Dissension about oversight of the $1 billion Minnesota Vikings stadium erupted again Friday with one commissioner's surprise resignation and another questioning whether the chair could successfully direct the state's biggest private-public project to completion in 13 months.
At the end of an hourlong Minnesota Sports Facilities Authority (MSFA) meeting, former state Sen. Duane Benson announced his resignation, saying that in 40 years of public life he had never been treated as badly as he has been by Chair Michele Kelm-Helgen. Benson said that in a phone conversation this year, she called him "untrustworthy" and a "liar." Benson said it would be "untenable" for him and Kelm-Helgen to work together.
Commissioner John Griffith said in a later interview that Kelm-Helgen also called him "untrustworthy" and a "liar" as well.
After the meeting, Kelm-Helgen said she did not call any commissioner a liar.
The two men have publicly pressed Kelm-Helgen on her role in the construction of the stadium, specifically asking why she and MSFA executive director Ted Mondale appear to be doing the same full-time jobs.

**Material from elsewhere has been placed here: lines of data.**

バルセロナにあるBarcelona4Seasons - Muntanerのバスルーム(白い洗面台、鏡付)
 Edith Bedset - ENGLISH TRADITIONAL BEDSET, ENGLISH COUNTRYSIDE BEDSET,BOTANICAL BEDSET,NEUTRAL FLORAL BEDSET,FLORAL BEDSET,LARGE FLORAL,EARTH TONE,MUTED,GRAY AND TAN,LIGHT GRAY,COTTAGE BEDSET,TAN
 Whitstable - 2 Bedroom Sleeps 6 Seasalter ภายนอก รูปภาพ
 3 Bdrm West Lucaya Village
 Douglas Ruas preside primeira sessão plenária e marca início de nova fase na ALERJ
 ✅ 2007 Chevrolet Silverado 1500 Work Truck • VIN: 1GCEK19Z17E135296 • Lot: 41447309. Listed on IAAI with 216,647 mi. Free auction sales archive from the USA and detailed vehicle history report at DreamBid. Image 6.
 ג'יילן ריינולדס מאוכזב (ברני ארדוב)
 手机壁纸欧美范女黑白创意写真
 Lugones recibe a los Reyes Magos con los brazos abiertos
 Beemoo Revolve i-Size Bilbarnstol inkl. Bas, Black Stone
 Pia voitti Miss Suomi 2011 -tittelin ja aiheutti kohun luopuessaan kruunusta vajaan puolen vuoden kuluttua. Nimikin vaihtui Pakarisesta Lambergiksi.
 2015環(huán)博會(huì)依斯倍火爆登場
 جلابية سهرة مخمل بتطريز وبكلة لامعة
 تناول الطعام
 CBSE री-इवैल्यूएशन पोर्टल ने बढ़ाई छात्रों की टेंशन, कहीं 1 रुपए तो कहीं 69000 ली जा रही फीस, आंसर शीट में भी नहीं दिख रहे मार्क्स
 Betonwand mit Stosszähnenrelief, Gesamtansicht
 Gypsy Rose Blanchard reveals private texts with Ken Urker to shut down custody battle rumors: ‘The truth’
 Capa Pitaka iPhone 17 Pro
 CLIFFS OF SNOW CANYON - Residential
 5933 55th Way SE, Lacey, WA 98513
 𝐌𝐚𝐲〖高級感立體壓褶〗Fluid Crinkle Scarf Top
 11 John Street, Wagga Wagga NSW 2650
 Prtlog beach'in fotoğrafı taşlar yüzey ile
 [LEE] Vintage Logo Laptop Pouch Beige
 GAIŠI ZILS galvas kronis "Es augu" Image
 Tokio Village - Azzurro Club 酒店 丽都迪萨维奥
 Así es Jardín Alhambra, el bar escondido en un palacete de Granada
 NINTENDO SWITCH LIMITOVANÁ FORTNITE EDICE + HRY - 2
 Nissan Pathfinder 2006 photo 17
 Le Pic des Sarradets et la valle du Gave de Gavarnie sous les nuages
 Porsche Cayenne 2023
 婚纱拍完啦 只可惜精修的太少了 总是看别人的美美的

A similar committee that oversaw the now-departed Metrodome had a full-time executive director and a part-time chair. Mondale makes $162,245 a year. Kelm-Helgen makes $127,000 and has questioned why she makes less.
Kelm-Helgen said she was "disappointed" that Benson "chose to leave at this time and this way" because of a "difference of opinion about my role and pay."
Now Griffith, a former Target executive with a deep resume in construction, is questioning whether Kelm-Helgen has the management skills or experience to stay on as chair for the next year. Even though the project is 60 percent complete, the hard part lies ahead, with an accelerated rate of decisionmaking.
Asked whether he might resign, Griffith paused and said, "Not at this point."